The first two incenses on this list fall roughly in the central/southern/meso-American category and are somewhat superficially similar in that both are blends of white copal, black copal and palo santo. In Dia de Los Muertos (Day of the Dead), the emphasis is on the two copals with the palo santo wood being a slight, although noticeable touch. Copal has been called the frankincense of the west for good reason, but when it comes to the really quality forms of it, copal really has a strong and powerful personality all of its own, a much denser, earthy undertone to it that only the darkest frankincense resins and myrrhs touch on. Mixing the white (blanco) and black (negro) copals tends to be a perfect match, just like frankincense and myrrh, chocolate and peanut butter, salt and pepper etc. It gives the overall aroma the bright, lemony-piney notes of the white copal with the more subdued and mysterious elements of the black copal. I really love how in the middle it’s all so foresty but in such a different, more temperate way than how we describe it when we think of something green. It’s worth noting that lower temperatures on a heater won’t volatize the copal quite so quickly and allows the scent to dreamily work its way to your attention.
Pachamama incense uses a similar list of ingredients but I believe the locations from where the copals come may be different and there is a much higher ratio of Palo Santo in the mix. The ingredients list Palo Santo resin and wood from a recent shipment of really extraordinary Palo Santo which almost revolutionized my opinion of the wood. This is a really powerful and aromatic, with some minty overtones I had never noticed from previous samples, and is certainly worth grabbing on its own. It has an immense presence in this mix and the results end up being quite a bit different from Dia de Los Muertos as a result. The copals here really share the scent rather than dominate and strangely enough, I’d say that this actually seems more resinous and less woody than the previous incense, with a really impressive amount of complexity given the short list. Pachamama whispers of shamanic ceremonies in deep rainforests, rays of sunlight through leaves and the rich fertilized earth of an unspoiled nature.

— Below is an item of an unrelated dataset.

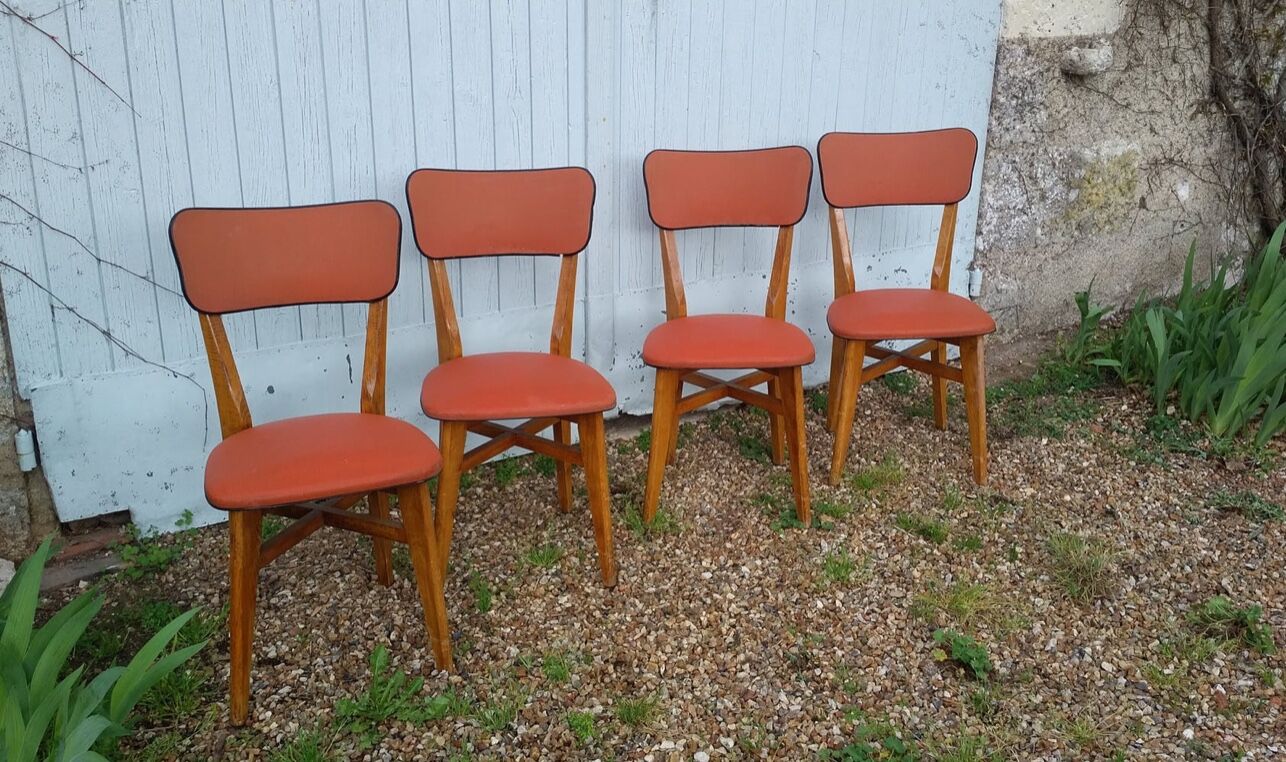 Vintage chairs 50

Sweet Earth seems to touch on a lot of the same aspects of Pachamama but with a totally different palette. While Palo Santo remains in the ingredients list, we’re back in the more familiar territory and base of a (honey) frankincense and myrrh mix. The incense is a marvel in terms of how the incense reflects the name, how the whole scent profile comes from such an earthy base, that sort of freshly tilled, post-harvest scent of leavened soil, loam and clay. There aren’t really the notes of more citrusy frankincenses which allows the mellower honey scent to merge with the liquidambar storax and create the sweetness of the name. The poplar buds/Balm of Gilead is a scent I’m not particularly aware of on its own, so there was a complexity in the incense I found to be quite evocative and fresh. In some ways this incense is about half familiar (I was reminded of the previous Dionysos in part) and half completely new and unique, yet it’s overall quite inventive and original, and most importantly quite addictive.
Moving across the Pacific, we have Mermade’s latest Japanese-Oud hybrid incense Sandalwood Oud Antique, perhaps a follow up to the previous Ensense Antique. These incenses fall in the premium category due to the list of rare and high level ingredients being used, in fact there seems to be quite a high level of agarwood going on here from several sources, always a treat. This underlies the high quality sandalwood in the mix which is mostly dominant but the real twist here is the use of two oud oils. These oils as a mix strike me as being rich, spicy yet not overpowering, a merger that is aimed to create an equality with the finer wood qualities. Like with previous styles, there’s a really nice Japanese, almost candy-like mix that reminds me of certain work from, say, Shoyeido. Towards the end of the heat, things get quite spicy. Overall it’s a very classy blend, very stately.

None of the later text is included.